In Putin’s Russia, LGBT activism represents one strand of the broader democratic civil society struggling to break through the political tundra.  In these responses, we see how Peskov’s homophobic joking slurs American concerns about the state of democracy in Russia, while United Russia’s bill explicitly circumscribes the citizenship of LGBT Russians.

Therein lies the significance of recent U.N. and U.S. moves to guarantee the fundamental human rights of lesbians, gay men, bisexuals, and transgender people.  Those efforts build upon the political labor of LGBT people and their allies around the world over the past two decades, from grassroots activists to judges, NGOs, and diplomats in both the Global South and North.  More specifically, from the constitutional guarantees banning discrimination in post-apartheid South Africa to marriage equality in Argentina to new protections for LGBT rights in Nepal, a consensus has emerged in the liberal democratic world that LGBT rights are indeed human rights.

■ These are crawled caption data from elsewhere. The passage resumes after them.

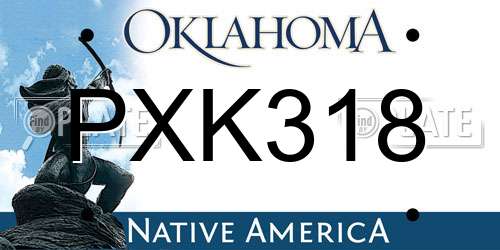 PXK318 Oklahoma License Plate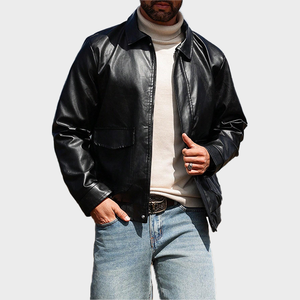 Custom Men's Retro <b>Winter</b> Biker <b>Jacket</b> Vintage Wash Genuine Calf Skin <b>Leather</b> Oversized Slim Fit Lapel Collar Autumn Season - Product Image 1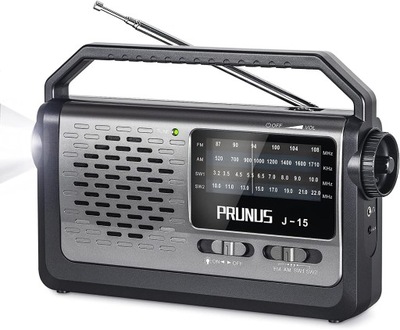 RADIO FM PRUNUS PRZENOŚNE KRÓTKOFALOWE LATARKA AUX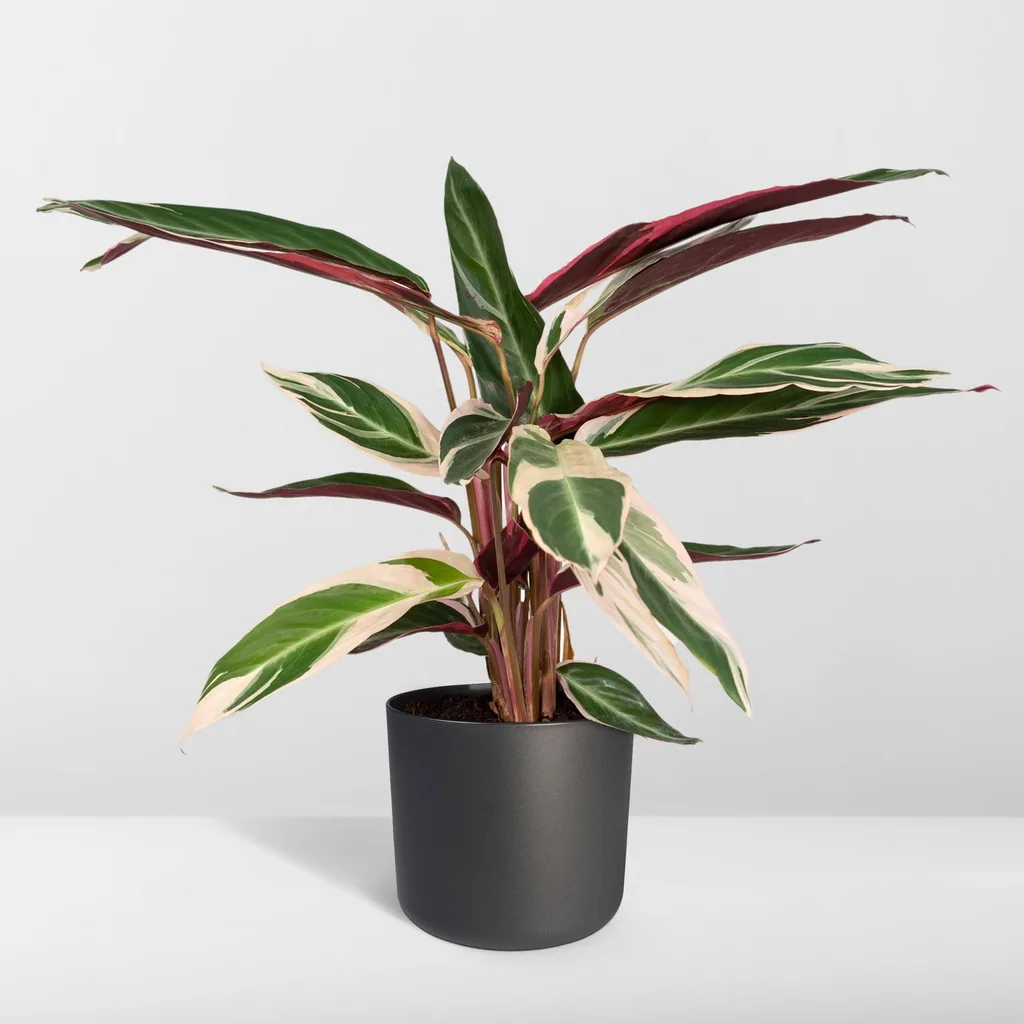 Dreifarbige Korbmarante 'Triostar' (Stromanthe sanguinea) – pflegeleichte Zimmerpflanze, Topf-Ø 19 cm, Höhe ca. 70 cm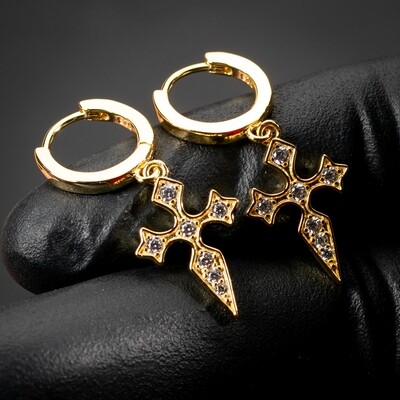 Men's Gold Sterling Silver Iced Cz Dagger Dangle Cross Hoop Earrings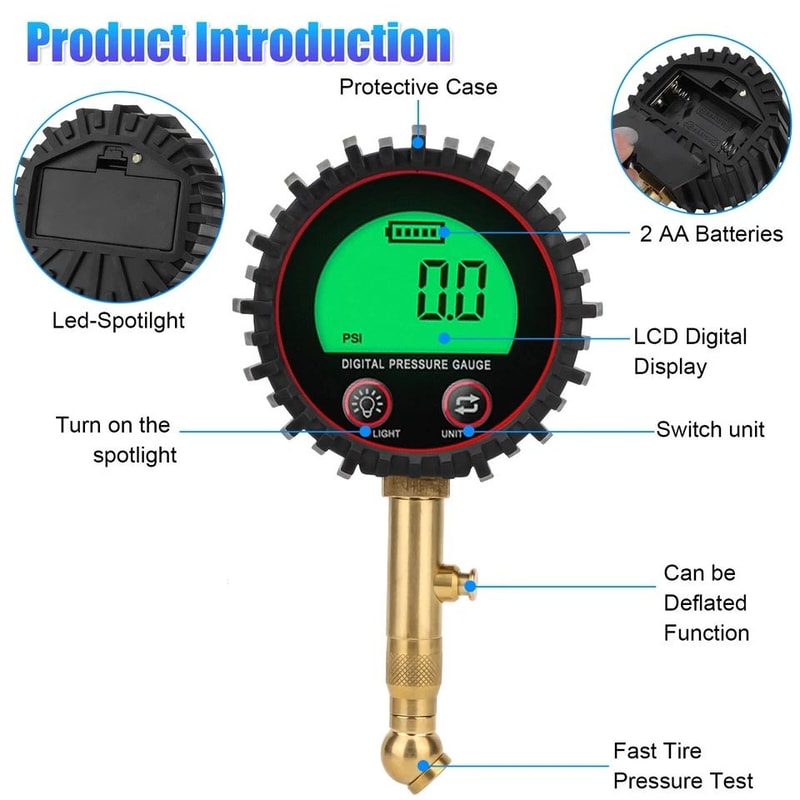 Digital Tire Pressure Gauge With LCD Display Adjustable Units Heavy Duty 9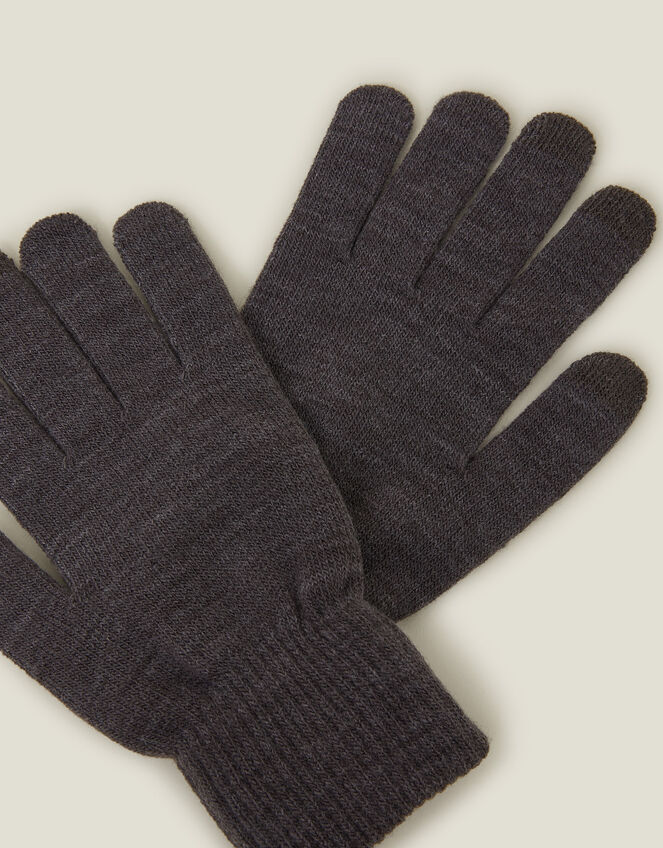 Long Cuff Touchscreen Gloves, Grey (GREY), large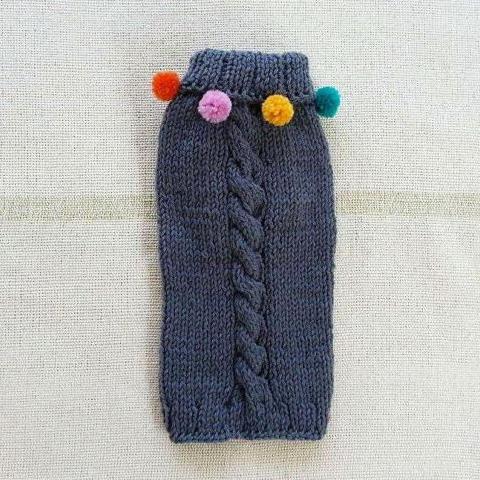 CASA LUNA | Cable Knit Pom-Pom Sweater in Charcoal Grey Apparel CASA LUNA   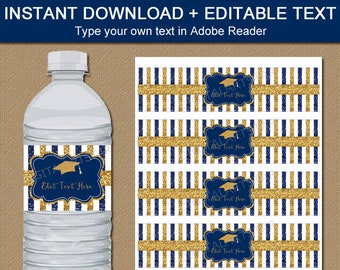 Graduation Water Bottle Labels 2024, Navy Blue and Gold Graduation Party Decorations, Printable Water Bottle Sticker Template Download G9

In turn, the most egregious abuses — from Russia to the executions of LGBT people in Iran and Saudi Arabia to the proposed “kill-the-gays” bill in Uganda — take place in societies where democratic governance is either severely compromised or  non-existent, and where LGBT people serve as scapegoats for autocratic regimes.  Indeed, the recent Ugandan situation (where American evangelicals — some of whom are no doubt supporting Governor Perry’s presidential bid — have lobbied Kampala to impose the death penalty for homosexuality appears to have particularly galvanized the U.S. and the U.N. to develop best practices for supporting the human rights of LGBT around the globe.  Nonetheless, although Washington and Geneva are playing catch up with the rest of the liberal democratic world, the grand significance of recent U.S. and U.N. moves is that these two critical players in international human rights now acede to the emerging consensus that liberal democratic governance and institutionalized homophobia and transphobia are structurally incompatible.